# proper conduit question



## 480sparky (Sep 20, 2007)

Probably any raceway, installed properly, will work.


----------



## sparkyboys (May 3, 2009)

with a 40% fill, you can use 3/4


----------



## NolaTigaBait (Oct 19, 2008)

what kind of question is this?...are you a helper doing side-work?


----------



## 480sparky (Sep 20, 2007)

sparkyboys said:


> with a 40% fill, you can use 3/4


But it will need a 60a breaker on the feeder.


----------



## jbfan (Jan 22, 2007)

Dosen't 1" ac cable have wires in it already?:jester:


----------



## 480sparky (Sep 20, 2007)

jbfan said:


> Dosen't 1" ac cable have wires in it already?:jester:


Per NEC 320.2, yes.

*Armored Cable, Type AC*. A fabricated assembly of insulated conductors in a flexible metallic enclosure.


----------



## NolaTigaBait (Oct 19, 2008)

jbfan said:


> Dosen't 1" ac cable have wires in it already?:jester:


maybe he means greenfield...who knows..


----------



## manchestersparky (Mar 25, 2007)

Dam - All this time I thought you bought AC Cable based on the conductors inside it, not by the overall size of the cable ! :laughing:


----------



## Buddha In Babylon (Mar 23, 2009)

it's almost certain he means greenfield. 

BTW, you haven't been very specific gstyle41. a run at 70' doesn't give much information.
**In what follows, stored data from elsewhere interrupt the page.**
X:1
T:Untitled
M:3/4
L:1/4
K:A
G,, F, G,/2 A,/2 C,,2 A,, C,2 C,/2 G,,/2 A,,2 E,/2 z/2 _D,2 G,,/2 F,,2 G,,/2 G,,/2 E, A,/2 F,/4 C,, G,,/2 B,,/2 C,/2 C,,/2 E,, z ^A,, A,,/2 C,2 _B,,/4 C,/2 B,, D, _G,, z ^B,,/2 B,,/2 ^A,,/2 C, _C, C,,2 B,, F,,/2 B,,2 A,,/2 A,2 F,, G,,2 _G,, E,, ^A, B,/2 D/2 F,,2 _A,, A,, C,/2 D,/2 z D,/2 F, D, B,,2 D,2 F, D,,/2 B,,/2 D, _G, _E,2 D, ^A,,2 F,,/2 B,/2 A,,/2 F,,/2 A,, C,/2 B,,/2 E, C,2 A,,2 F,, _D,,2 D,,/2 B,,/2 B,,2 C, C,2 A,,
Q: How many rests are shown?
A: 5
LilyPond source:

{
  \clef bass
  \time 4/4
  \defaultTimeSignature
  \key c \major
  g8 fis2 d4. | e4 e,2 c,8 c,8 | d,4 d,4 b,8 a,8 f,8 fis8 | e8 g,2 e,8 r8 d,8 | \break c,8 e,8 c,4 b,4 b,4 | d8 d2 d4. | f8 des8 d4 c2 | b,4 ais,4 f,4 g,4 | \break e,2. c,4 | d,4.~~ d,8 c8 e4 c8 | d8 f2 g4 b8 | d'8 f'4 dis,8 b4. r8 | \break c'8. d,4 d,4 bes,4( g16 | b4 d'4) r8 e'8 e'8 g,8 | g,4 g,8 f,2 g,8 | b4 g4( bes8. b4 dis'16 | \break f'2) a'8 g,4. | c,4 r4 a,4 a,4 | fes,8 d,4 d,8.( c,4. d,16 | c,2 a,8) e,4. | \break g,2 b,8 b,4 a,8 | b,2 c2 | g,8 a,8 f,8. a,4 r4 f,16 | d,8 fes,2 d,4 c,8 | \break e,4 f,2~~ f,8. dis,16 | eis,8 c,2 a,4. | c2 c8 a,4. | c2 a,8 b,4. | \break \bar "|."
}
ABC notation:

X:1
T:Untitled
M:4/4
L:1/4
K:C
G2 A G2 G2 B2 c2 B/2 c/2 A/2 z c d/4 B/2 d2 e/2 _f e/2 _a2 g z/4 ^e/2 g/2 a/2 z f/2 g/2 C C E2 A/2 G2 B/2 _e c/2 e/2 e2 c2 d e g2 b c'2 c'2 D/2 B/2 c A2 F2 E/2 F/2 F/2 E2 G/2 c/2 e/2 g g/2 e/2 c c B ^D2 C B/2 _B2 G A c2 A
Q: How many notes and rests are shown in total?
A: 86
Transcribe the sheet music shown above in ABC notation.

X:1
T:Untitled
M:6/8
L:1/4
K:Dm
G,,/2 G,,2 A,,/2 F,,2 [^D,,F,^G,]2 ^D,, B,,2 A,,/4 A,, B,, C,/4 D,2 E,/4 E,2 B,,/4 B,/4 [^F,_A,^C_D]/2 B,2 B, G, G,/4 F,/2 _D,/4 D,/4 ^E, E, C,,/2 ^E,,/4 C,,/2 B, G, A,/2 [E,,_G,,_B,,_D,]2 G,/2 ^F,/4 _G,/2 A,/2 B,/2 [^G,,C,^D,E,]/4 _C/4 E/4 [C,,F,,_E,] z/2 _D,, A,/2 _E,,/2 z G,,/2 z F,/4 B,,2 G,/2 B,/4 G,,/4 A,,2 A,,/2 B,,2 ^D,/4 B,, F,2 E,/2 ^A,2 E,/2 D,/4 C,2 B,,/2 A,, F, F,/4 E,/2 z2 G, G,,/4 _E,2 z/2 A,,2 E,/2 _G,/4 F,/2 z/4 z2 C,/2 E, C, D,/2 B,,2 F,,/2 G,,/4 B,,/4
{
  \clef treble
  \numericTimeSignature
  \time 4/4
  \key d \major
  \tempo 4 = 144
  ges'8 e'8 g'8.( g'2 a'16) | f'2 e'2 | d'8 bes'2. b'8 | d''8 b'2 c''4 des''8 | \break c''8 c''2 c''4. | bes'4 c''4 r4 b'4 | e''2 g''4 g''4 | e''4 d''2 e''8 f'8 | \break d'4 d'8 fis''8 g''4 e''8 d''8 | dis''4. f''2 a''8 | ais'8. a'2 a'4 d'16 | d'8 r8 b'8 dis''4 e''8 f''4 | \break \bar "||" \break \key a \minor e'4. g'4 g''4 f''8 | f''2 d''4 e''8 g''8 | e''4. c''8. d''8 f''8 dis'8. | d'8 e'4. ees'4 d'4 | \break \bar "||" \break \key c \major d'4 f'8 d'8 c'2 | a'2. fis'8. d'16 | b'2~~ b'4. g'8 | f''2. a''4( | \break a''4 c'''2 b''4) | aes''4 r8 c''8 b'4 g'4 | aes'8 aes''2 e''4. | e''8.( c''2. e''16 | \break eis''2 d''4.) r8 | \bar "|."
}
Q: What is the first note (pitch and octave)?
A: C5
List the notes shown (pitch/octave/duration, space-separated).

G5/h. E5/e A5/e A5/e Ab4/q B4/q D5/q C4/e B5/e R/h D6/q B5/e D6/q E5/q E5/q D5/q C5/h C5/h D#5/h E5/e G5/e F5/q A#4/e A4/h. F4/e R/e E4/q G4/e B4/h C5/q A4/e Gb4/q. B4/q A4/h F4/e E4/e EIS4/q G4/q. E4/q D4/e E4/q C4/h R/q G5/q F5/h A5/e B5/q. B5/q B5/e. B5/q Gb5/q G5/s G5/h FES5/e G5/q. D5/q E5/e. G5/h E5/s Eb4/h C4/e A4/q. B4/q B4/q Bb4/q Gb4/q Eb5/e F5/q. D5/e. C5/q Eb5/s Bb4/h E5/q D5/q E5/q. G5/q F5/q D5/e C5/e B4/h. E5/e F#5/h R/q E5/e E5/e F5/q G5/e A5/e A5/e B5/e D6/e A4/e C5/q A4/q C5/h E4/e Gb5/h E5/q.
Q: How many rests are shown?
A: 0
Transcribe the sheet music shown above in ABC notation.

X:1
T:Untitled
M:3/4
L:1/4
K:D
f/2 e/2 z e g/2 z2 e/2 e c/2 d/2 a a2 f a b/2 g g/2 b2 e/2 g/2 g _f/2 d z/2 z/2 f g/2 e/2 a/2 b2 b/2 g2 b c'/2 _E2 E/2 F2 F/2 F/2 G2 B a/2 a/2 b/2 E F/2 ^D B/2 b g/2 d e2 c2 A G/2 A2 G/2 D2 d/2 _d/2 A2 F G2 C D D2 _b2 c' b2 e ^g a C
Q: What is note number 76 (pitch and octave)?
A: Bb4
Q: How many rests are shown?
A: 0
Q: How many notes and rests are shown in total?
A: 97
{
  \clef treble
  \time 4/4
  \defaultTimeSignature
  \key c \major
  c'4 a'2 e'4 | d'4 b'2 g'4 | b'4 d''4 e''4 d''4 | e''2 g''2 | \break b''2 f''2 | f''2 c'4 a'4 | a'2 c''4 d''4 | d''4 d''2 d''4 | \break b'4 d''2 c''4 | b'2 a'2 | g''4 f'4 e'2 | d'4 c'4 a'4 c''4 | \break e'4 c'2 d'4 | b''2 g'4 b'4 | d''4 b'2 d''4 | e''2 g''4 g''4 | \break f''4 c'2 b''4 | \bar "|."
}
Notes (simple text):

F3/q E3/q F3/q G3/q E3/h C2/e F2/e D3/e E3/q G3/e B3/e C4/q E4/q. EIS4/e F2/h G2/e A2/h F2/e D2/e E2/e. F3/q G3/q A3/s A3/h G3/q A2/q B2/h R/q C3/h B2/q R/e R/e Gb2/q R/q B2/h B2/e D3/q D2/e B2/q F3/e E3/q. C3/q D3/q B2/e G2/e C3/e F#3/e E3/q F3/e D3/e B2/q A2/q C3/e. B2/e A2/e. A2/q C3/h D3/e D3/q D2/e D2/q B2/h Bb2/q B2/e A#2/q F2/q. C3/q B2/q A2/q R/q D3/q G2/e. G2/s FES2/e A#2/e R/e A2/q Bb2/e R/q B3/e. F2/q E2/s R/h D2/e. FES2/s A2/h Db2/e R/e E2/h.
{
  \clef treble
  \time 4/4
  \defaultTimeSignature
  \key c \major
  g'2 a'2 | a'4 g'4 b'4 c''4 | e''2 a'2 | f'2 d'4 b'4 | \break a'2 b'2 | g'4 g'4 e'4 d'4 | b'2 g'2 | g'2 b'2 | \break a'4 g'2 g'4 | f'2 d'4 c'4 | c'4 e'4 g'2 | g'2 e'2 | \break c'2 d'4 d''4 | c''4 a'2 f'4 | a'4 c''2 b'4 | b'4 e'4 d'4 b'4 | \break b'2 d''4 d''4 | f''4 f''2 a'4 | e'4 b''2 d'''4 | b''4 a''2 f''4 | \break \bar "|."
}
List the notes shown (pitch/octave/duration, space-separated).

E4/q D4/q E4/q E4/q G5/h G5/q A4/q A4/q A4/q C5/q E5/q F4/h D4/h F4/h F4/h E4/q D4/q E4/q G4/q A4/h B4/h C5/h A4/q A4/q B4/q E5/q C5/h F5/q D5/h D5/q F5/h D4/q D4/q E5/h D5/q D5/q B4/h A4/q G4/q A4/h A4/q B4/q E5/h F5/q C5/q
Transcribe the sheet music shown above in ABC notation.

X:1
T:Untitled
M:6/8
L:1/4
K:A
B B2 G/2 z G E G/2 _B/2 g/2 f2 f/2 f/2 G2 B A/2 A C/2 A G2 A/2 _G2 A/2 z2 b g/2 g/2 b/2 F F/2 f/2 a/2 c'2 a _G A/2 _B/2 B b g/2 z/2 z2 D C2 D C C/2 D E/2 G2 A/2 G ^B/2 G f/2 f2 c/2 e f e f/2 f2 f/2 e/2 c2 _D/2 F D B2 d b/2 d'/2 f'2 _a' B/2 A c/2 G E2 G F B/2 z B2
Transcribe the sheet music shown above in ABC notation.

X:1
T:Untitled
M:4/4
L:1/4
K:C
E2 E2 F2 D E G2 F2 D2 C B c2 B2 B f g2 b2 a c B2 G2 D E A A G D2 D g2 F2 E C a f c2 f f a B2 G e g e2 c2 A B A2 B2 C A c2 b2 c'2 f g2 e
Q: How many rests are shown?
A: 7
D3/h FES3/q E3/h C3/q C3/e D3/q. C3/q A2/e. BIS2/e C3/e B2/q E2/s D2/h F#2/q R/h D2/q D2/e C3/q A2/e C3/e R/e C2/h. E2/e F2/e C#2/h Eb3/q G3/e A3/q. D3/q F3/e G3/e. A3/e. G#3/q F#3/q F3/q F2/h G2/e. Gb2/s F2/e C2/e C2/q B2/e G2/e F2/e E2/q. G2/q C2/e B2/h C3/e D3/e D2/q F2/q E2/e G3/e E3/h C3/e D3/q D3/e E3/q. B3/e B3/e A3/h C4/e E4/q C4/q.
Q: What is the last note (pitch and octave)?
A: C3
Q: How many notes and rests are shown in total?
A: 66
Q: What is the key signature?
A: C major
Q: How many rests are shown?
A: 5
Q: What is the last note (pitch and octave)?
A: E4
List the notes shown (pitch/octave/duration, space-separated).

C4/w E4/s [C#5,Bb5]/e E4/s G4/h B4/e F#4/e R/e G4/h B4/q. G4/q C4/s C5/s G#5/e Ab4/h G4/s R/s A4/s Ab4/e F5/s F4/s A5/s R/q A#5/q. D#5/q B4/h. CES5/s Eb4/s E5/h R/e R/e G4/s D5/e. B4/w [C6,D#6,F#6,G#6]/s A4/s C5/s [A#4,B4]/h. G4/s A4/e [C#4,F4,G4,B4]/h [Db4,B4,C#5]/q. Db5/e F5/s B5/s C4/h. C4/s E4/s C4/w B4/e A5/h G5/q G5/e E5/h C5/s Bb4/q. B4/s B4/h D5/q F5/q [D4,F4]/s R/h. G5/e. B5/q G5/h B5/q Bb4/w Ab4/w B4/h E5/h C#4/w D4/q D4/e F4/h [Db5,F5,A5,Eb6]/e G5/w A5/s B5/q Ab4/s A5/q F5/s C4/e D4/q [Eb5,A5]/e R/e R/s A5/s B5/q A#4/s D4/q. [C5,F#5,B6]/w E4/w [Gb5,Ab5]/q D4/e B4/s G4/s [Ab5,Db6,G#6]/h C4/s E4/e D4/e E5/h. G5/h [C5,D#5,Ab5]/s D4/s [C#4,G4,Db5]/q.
Is this run going to be exposed, in a celing, underground, exposed to moisture, through walls, what? All of these factors will decide what to use for any run. unless i totally missed something.


----------



## brian john (Mar 11, 2007)

Why is it always a church question?

Churches must be protected by someone cause there is more hack work going on in churches than anywhere.

NO DISRESPECT MEANT TO THE OP.


----------



## sparkyboys (May 3, 2009)

480sparky said:


> Per NEC 320.2, yes.
> 
> *Armored Cable, Type AC*. A fabricated assembly of insulated conductors in a flexible metallic enclosure.


he could have meant steel flex. because he said, run and pull


----------



## RePhase277 (Feb 5, 2008)

brian john said:


> Why is it always a church question?
> 
> Churches must be protected by someone cause there is more hack work going on in churches than anywhere.
> 
> NO DISRESPECT MEANT TO THE OP.


Because they always get their members to do the work. Call it "volunteer", or whatever. Some of the worst jacklegerry I have seen was in churches.


----------



## brian john (Mar 11, 2007)

InPhase277 said:


> Because they always get their members to do the work. Call it "volunteer", or whatever. Some of the worst jacklegerry I have seen was in churches.


I know I know. I have investigated some grounding issues at churches and several times when I asked who did this I am told. "Oh we have a member that has been around electricity" or Use to be an apprentice or is a MASTER HACK.


----------



## william1978 (Sep 21, 2008)

NolaTigaBait said:


> maybe he means greenfield...who knows..





sparkyboys said:


> he could have meant steel flex. because he said, run and pull


 You both are talking about the same thing. Greenfield and steelflex are the samething.


----------



## william1978 (Sep 21, 2008)

gstyle41 said:


> any suggestions. please help


 Ok here is my suggestion call an qualified electrician.


----------



## NolaTigaBait (Oct 19, 2008)

william1978 said:


> You both are talking about the same thing. Greenfield and steelflex are the samething.


 iknow this...i don't think that he does


----------



## william1978 (Sep 21, 2008)

NolaTigaBait said:


> iknow this...i don't think that he does


 Yes I agree with you. If he did he wouldn't have put that on that post.:thumbsup:


----------



## chenley (Feb 20, 2007)

InPhase277 said:


> Because they always get their members to do the work. Call it "volunteer", or whatever. Some of the worst jacklegerry I have seen was in churches.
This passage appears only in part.